In the summer of 1944, the Red Army reconquered Belorussia, one of the Soviet western republics, from the Germans.1 Yet while people were overjoyed to see Nazi occupation end, and while many greeted the Red Army as liberators, they were also apprehensive about the return of Soviet power as such.

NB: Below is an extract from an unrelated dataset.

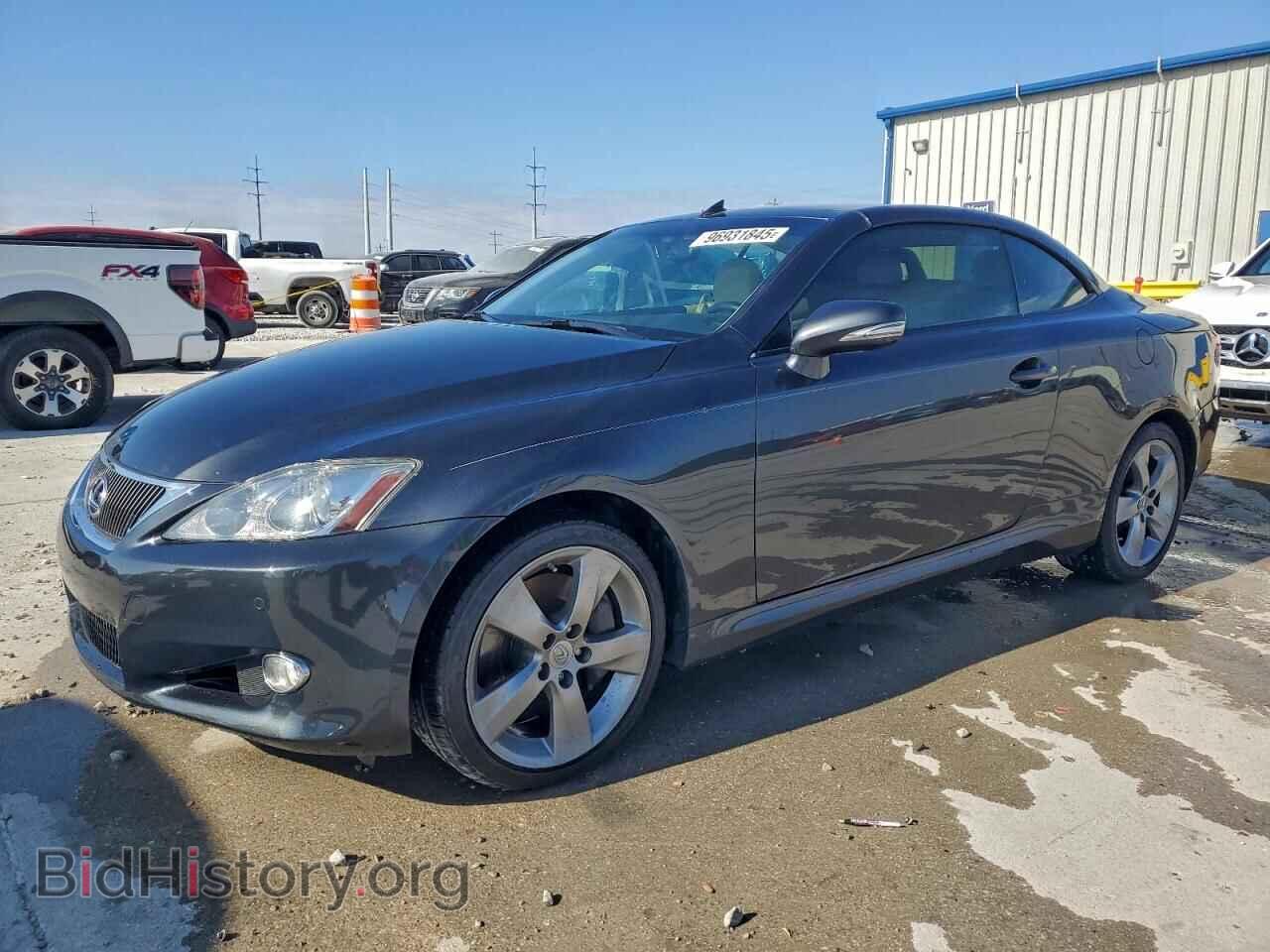 Photo JTHFE2C22A2503828 - LEXUS IS 2010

In her study The Repressive Factors of the USSR’s Internal Policy and Everyday Life of the Belarusian Society (1944–1953), Iryna Kashtalian analyzes everyday life in Soviet Belorussia from the end of Nazi occupation to the death of Stalin. The focus is on the ways in which individuals were confronted with and suffered from, but also adapted to and resisted state demands, coercion and repression. The analysis is based on three oral history collections – interviews that Kashtalian conducted herself, now available through the Belarusian Oral History Archive at www.nashapamiac.org; the Visual History Archive of the USC Shoah Foundation; and the Forced Labor 1939–1945 Archive accessible through Free University Berlin –, which are complemented with Soviet state documents mostly from the National Archive of Belarus.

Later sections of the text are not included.